(Saved data entries)
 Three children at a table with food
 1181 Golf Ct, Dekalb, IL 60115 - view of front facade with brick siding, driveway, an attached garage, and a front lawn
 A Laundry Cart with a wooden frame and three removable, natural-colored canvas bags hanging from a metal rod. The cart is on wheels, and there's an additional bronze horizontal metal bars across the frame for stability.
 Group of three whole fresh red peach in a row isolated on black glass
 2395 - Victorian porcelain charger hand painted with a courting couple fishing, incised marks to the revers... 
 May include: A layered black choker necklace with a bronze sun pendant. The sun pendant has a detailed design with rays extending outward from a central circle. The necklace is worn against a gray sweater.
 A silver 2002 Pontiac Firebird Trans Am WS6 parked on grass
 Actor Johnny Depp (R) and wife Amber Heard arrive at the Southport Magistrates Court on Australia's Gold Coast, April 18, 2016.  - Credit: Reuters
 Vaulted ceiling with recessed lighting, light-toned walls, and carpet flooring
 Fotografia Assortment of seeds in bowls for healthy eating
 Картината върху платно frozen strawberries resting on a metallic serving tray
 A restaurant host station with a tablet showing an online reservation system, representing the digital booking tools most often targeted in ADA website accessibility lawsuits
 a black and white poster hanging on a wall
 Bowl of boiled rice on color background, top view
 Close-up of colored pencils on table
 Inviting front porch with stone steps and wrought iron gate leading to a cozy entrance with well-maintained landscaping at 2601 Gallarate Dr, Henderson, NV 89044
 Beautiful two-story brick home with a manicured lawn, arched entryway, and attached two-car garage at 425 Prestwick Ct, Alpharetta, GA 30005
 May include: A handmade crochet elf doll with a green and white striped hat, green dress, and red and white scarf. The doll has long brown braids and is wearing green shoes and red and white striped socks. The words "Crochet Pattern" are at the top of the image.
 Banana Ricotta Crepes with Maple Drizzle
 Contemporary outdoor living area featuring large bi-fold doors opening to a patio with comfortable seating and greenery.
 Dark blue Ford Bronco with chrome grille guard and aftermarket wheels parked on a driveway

__PROBLEM TO WORK ON__.
Copy out every line from the data above that has "parked" in it.

__RESULT FOR THIS EXERCISE__.
 A silver 2002 Pontiac Firebird Trans Am WS6 parked on grass
 Dark blue Ford Bronco with chrome grille guard and aftermarket wheels parked on a driveway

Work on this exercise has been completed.